__WORK ITEM__: Exactly the lines from the start of the entries through the line with "923 W Oak Butlers #1 — Photo 7" are required in the output, with no pictures among them.

__DATASET EXCERPTS__:
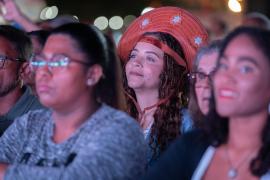 Show do 'Rei do Xote', Flávio José, encanta e anima multidão no Parque de Exposições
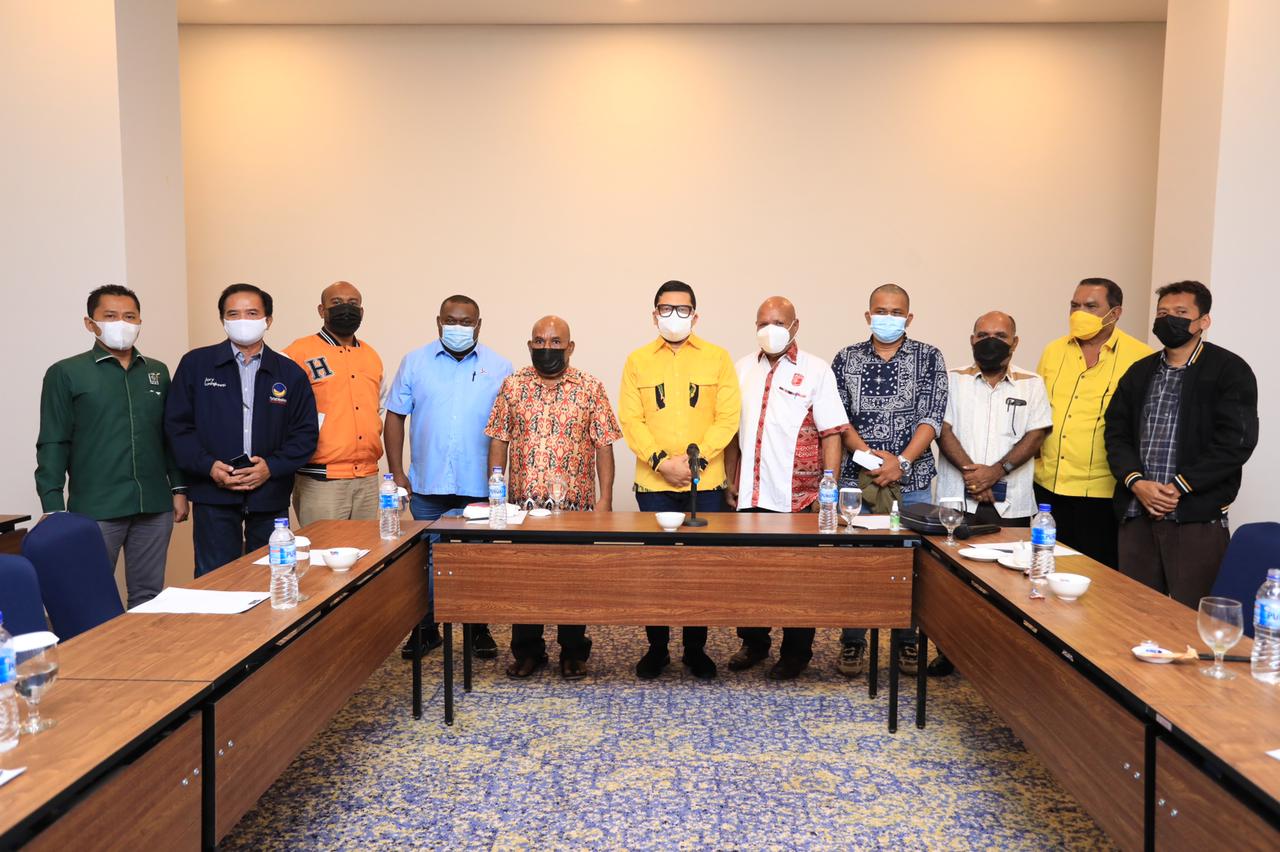 Target 14 Agustus 2021 Berkas Dua Nama Cawagub Papua Sudah Rampung 11 WhatsApp Image 2021 07 24 at 22.23.08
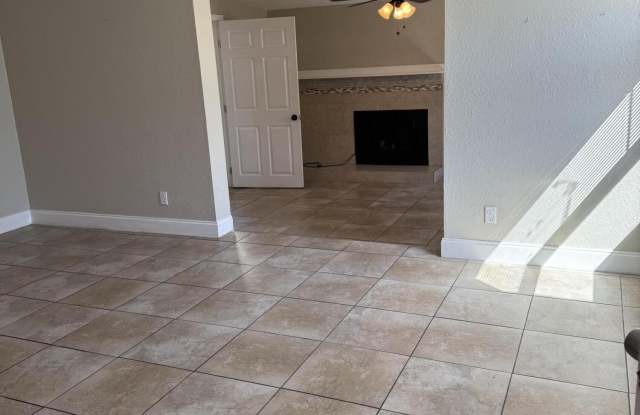 3923 HARBOR VIEW Drive Gallery 2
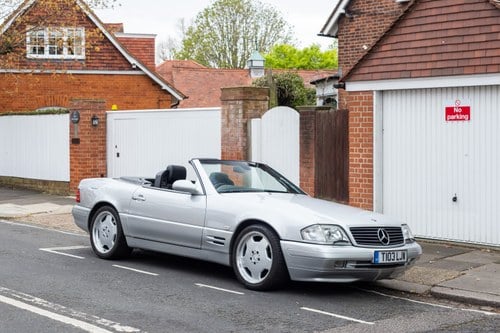 1999 Mercedes-Benz SL500 R129 till salu (bild 2 av 146)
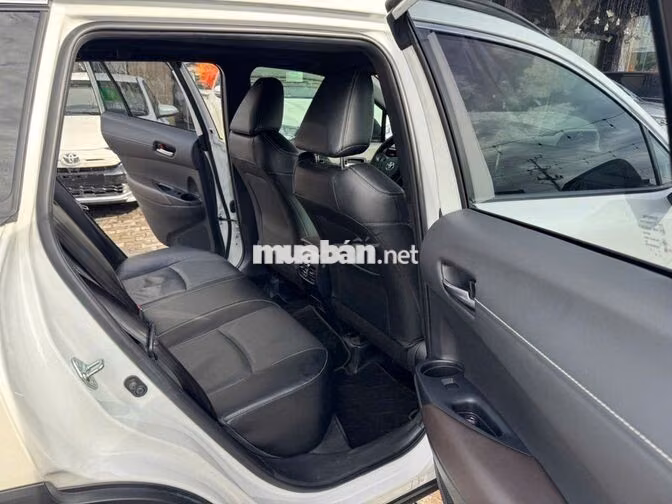 Corolla Cross 1.8V 2025 Trắng, lướt nhẹ 10.000km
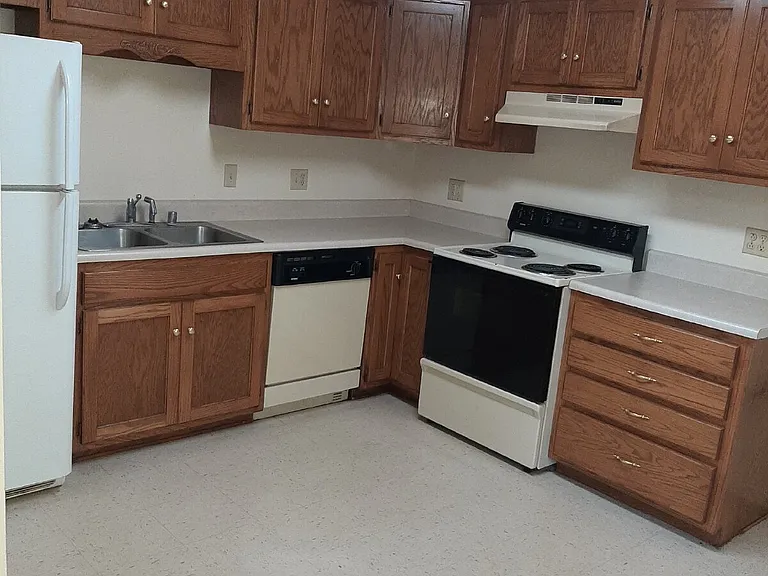 923 W Oak Butlers #1 — Photo 7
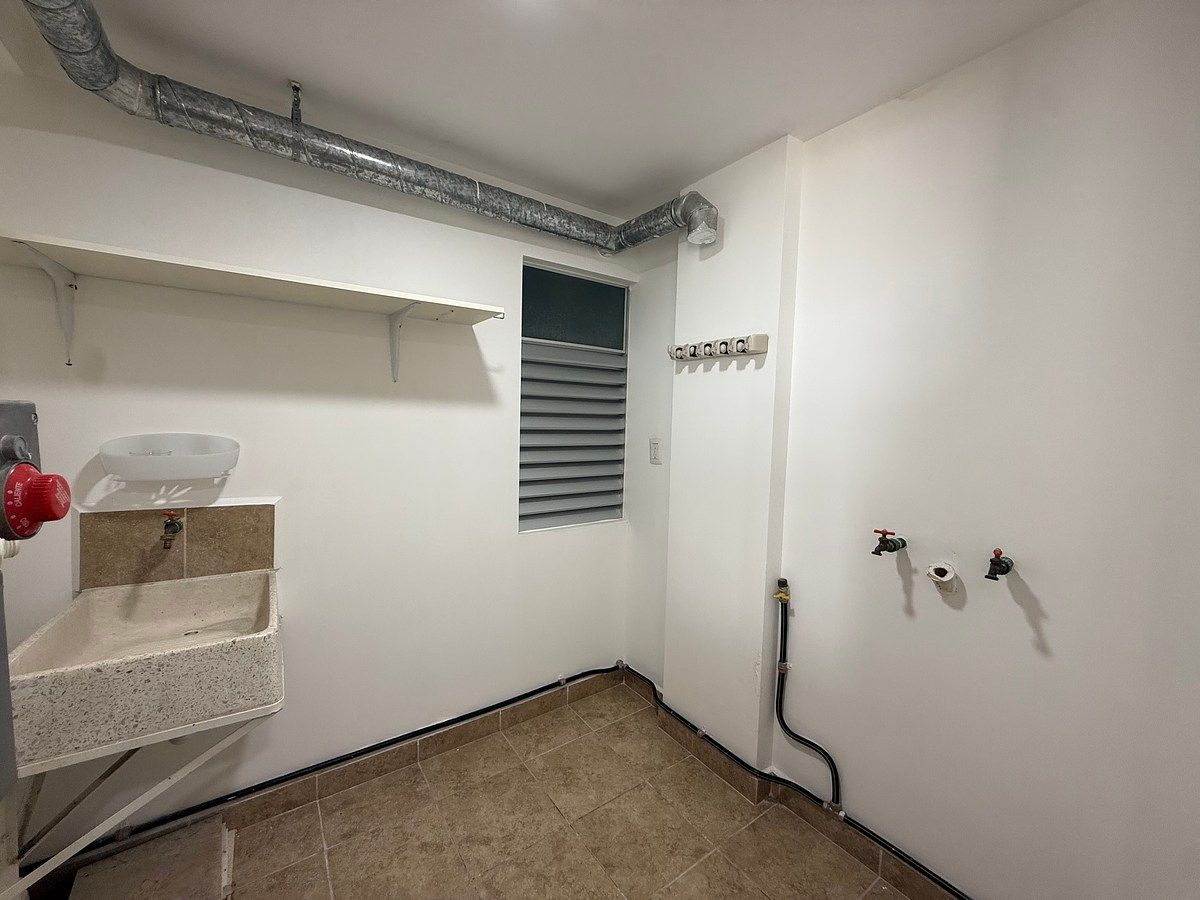 Apartment in Residencial el Refugio, Querétaro, photo 11 of 17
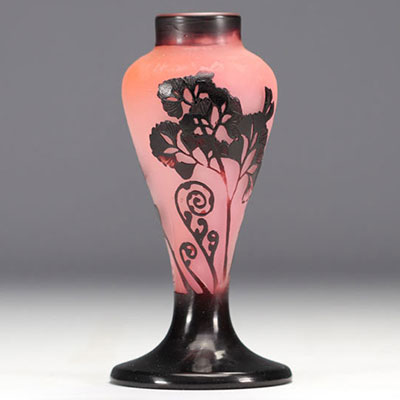 Emile Gallé - vase en verre multicouche à décor de fleurs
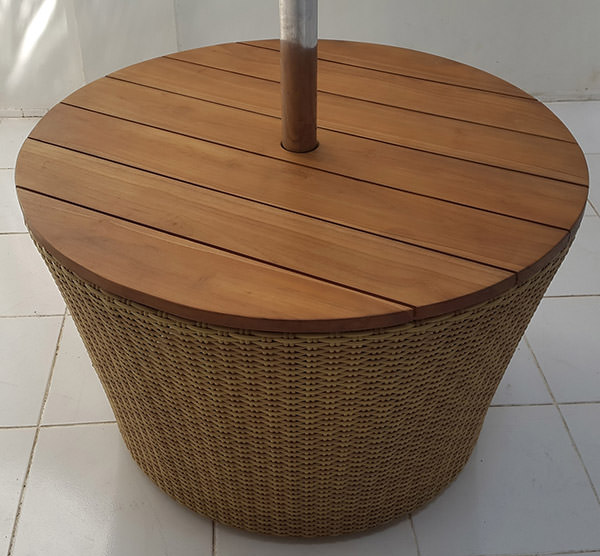 synthetic rattan umbrella with wooden base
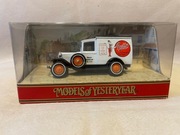 Autko Matchbox Y22-1 1930 Model A Ford Van Pratts 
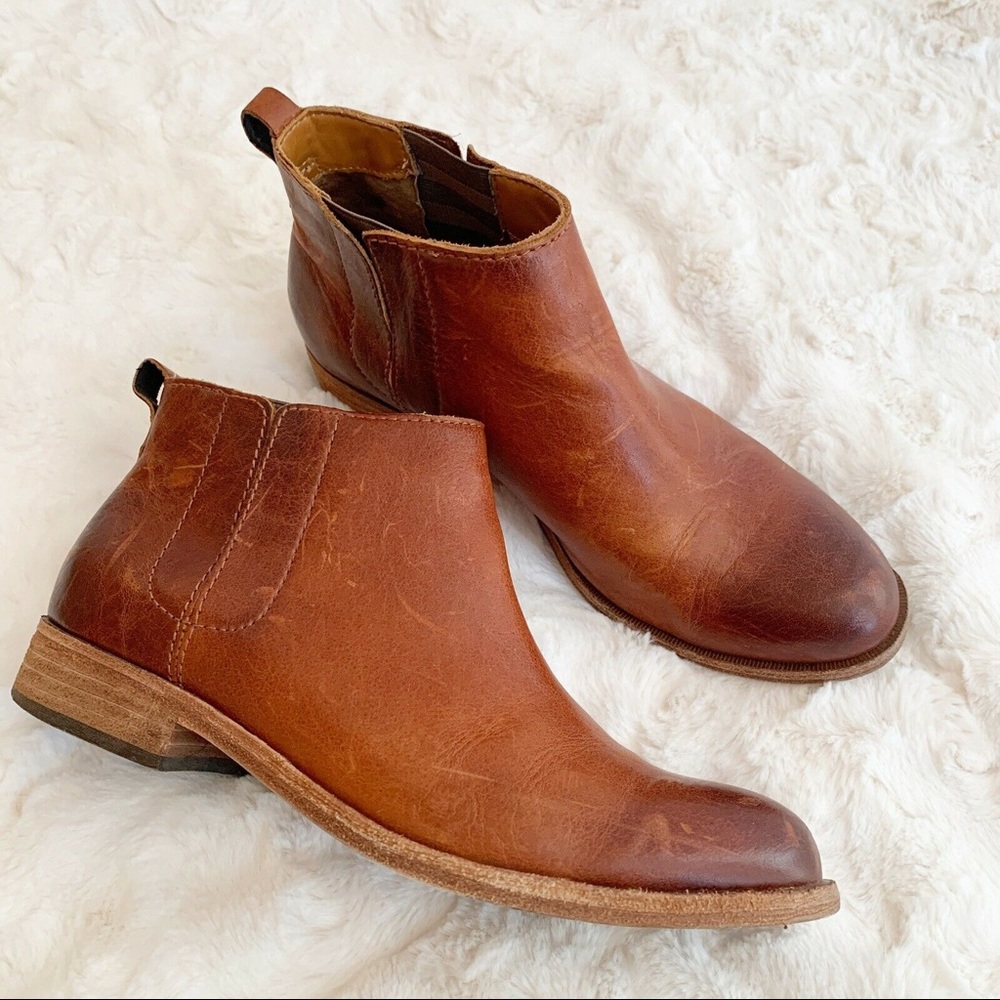 Kork Ease Velma Leather Bootie Size 7.5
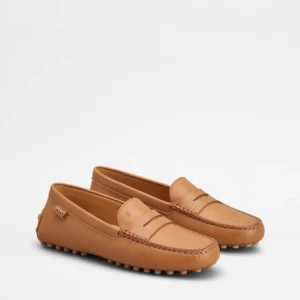 Tod's Mocassino Gommino in Pelle Marrone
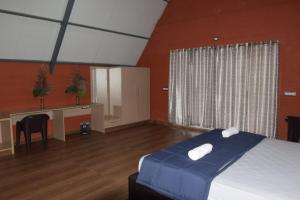 1 dormitorio con 1 cama y escritorio en una habitación en Golden Triangle, en Hampāpura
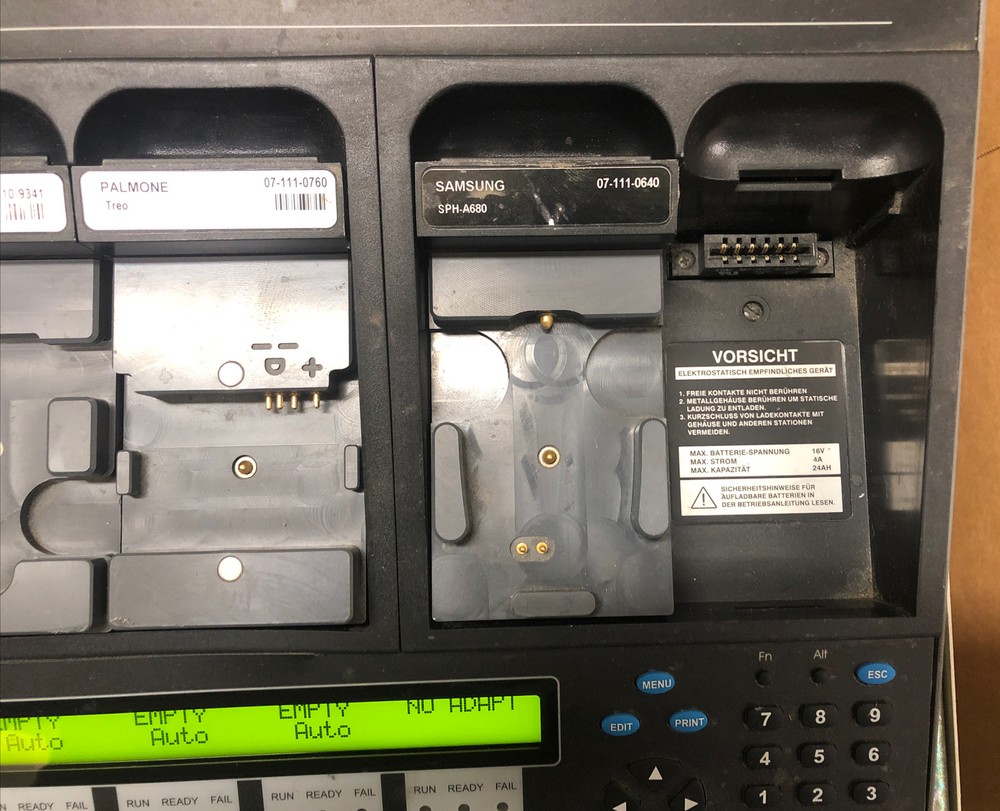 Cadex C7400 4 Station Battery Analyzer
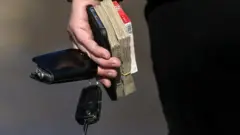 п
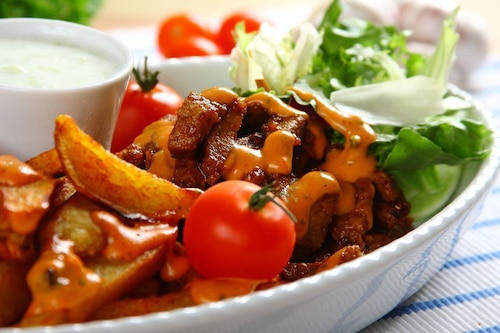 Przepis na Gyros z sosem ziołowo-paprykowym  Gyros z sosem ziołowo-paprykowym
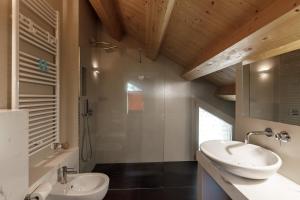 a bathroom with two sinks and a shower at Agriturismo Saettà in Lentiai
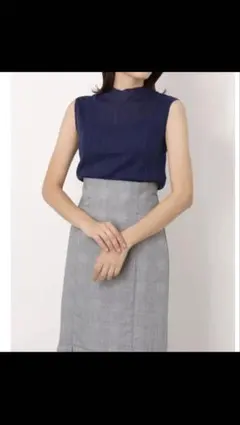 【美品】Apuweiser-riche 洗えるシアーリブプルオーバーのサムネイル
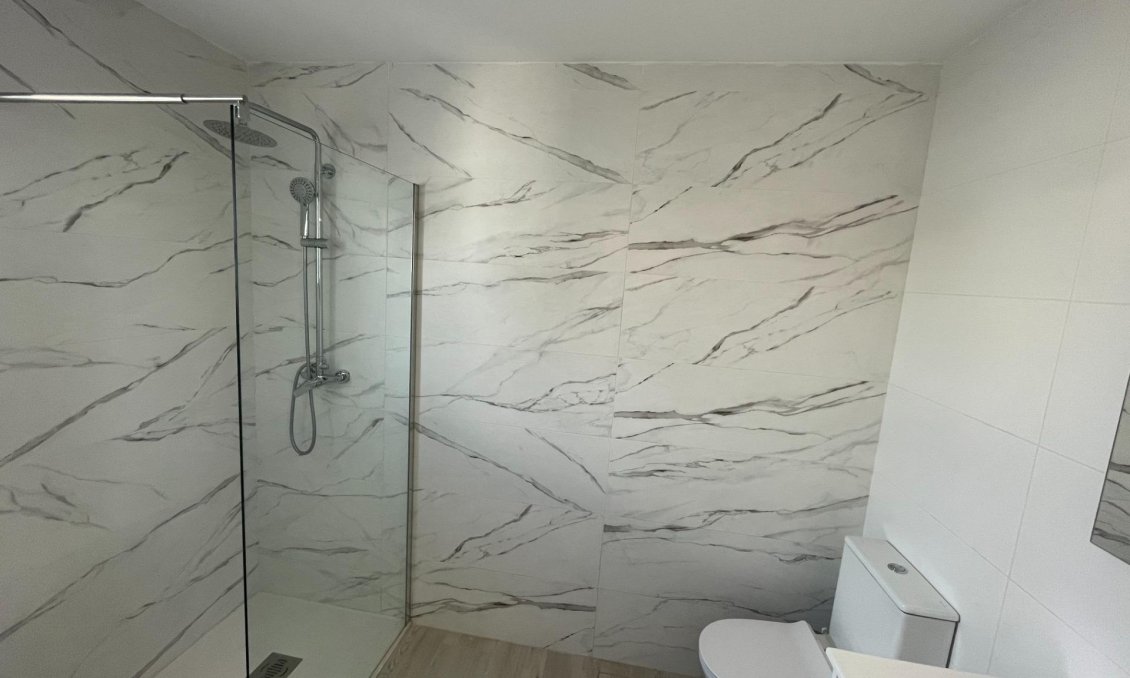 Segunda mano - Bungalow -
Orihuela Costa - La Regia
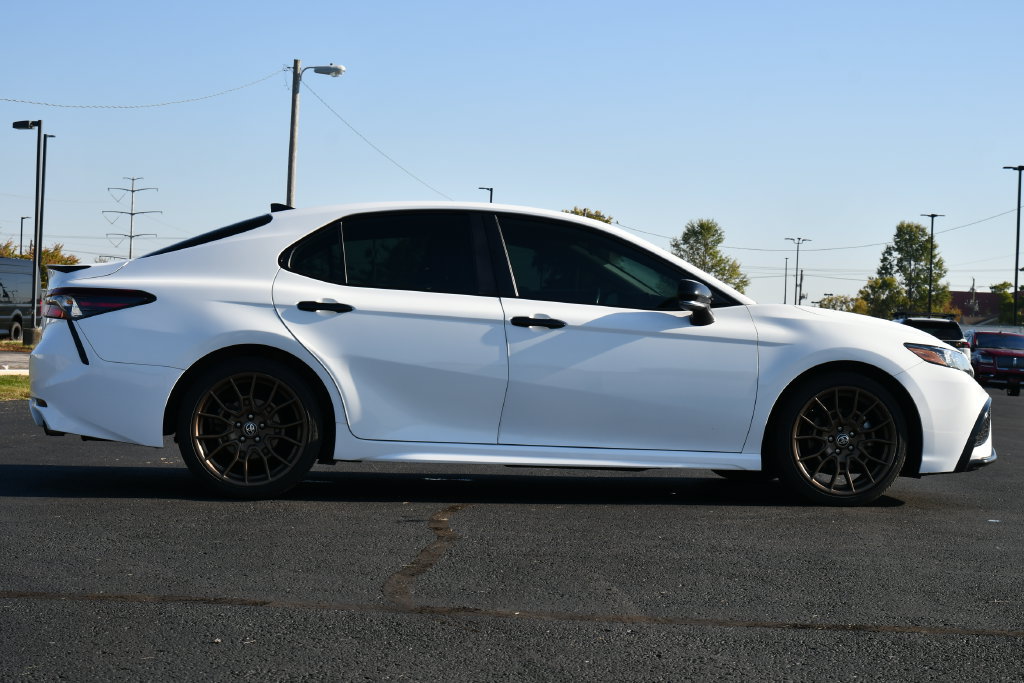 Used 2023 Toyota Camry SE FWD image 8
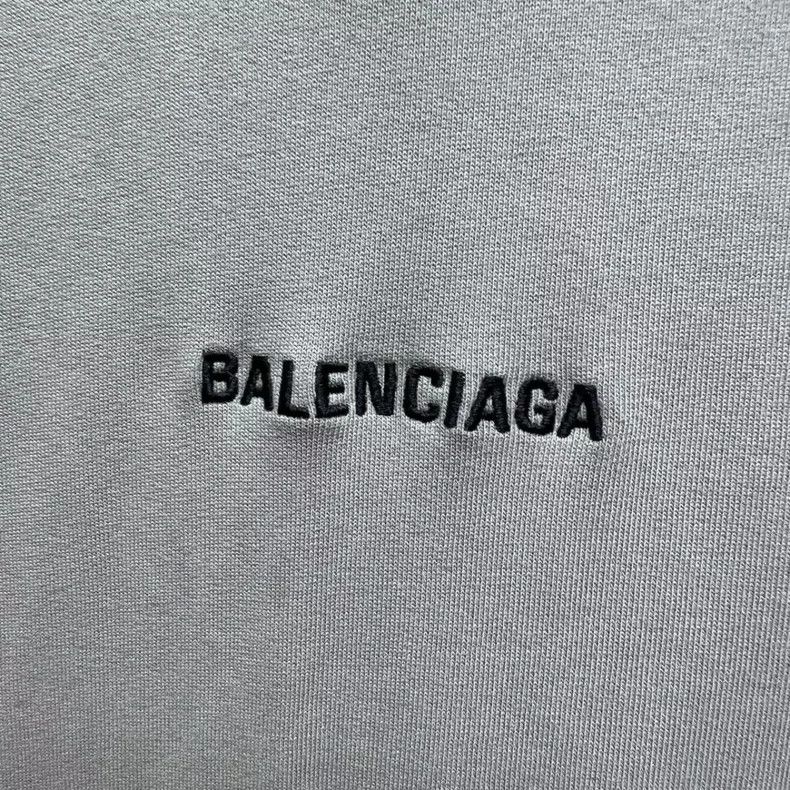 Balenciaga Balenciaga Small LOGO Embroidery Solid Color Sweatshirt Size US S / EU 44-46 / 1 - 3 Thumbnail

__OUTPUT OF THE EXERCISE__:
 Show do 'Rei do Xote', Flávio José, encanta e anima multidão no Parque de Exposições
 Target 14 Agustus 2021 Berkas Dua Nama Cawagub Papua Sudah Rampung 11 WhatsApp Image 2021 07 24 at 22.23.08
 3923 HARBOR VIEW Drive Gallery 2
 1999 Mercedes-Benz SL500 R129 till salu (bild 2 av 146)
 Corolla Cross 1.8V 2025 Trắng, lướt nhẹ 10.000km
 923 W Oak Butlers #1 — Photo 7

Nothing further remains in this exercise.